Daniel Lemire's blog

, 5 min read

Quickly pruning elements in SIMD vectors using the simdprune library

9 thoughts on “Quickly pruning elements in SIMD vectors using the simdprune library”

  1. Gianluca Della Vedova says:

    In the example of the README of your project, shouldn’t the zero vector 0,0,0,0,0,0,0,0 be a one vector 1,…,1?

    1. Yes. Fixed. Thank you.

  2. KWillets says:

    There was a thread on stack exchange about packing left from a mask, and they recommended using PEXT to pull the bits. Would that work here?

    1. Yes. It can be made to work. It might be very useful for pruning bytes because the current solution, with a large table, is not ideal.

      How to make it all come together for high efficiency is the tricky part.

      1. KWillets says:

        Here’s the thread: http://stackoverflow.com/questions/36932240/avx2-what-is-the-most-efficient-way-to-pack-left-based-on-a-mask

        They also mention VCOMPRESSPS for 32-bit values under AVX512.

        1. I am aware of vcompress and it is mentioned in the README of the library.
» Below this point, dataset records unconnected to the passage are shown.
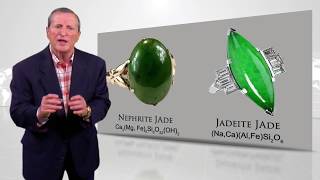 Types of Jade Jadeite vs Nephrite l Gem Shopping Network [upl. by Licko]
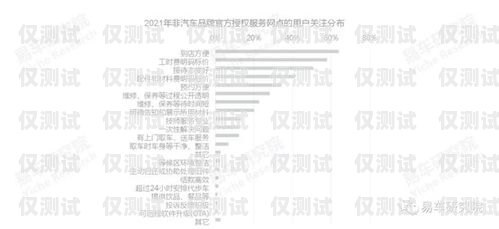南通三五電銷卡，助力企業(yè)銷售的利器南通三五電銷卡怎么辦理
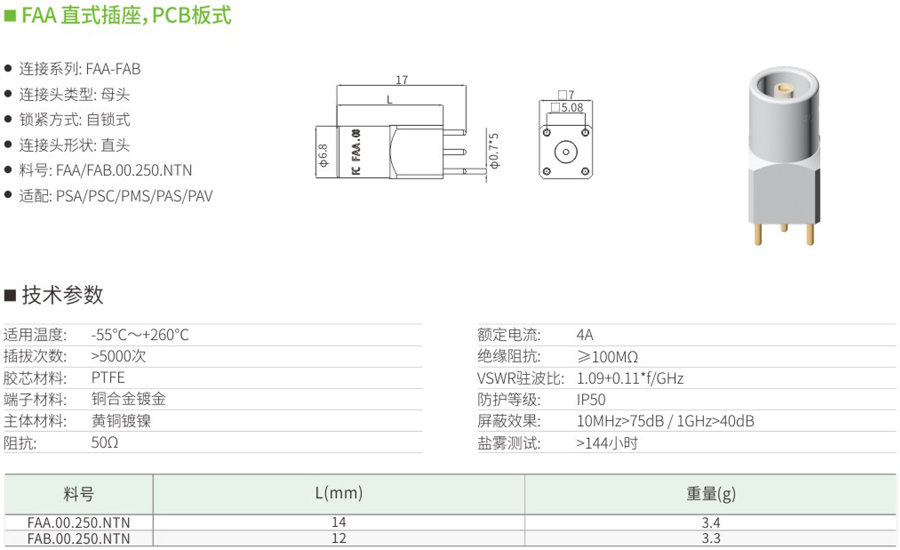 FAA直式插座和PCB板式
It is not super useful because none of us has access to it.

          The BMI code is cool.

          1. I have added, for benchmarking purpose, the BMI approach and, in my tests, it is slower. The BMI instructions can be nice, but they often have high latency so if you string them with data dependencies, it is not always super efficient.

            1. KWillets says:

              Ryzen instructions just came out on Agner’s site, and PEXT/PDEP have reciprocal latency of 18 cycles. 🙁

              1. @KWillets

                That sounds bad. On the other hand, I am not sure that PEXT/PDEP is common in software, or even that it will become common.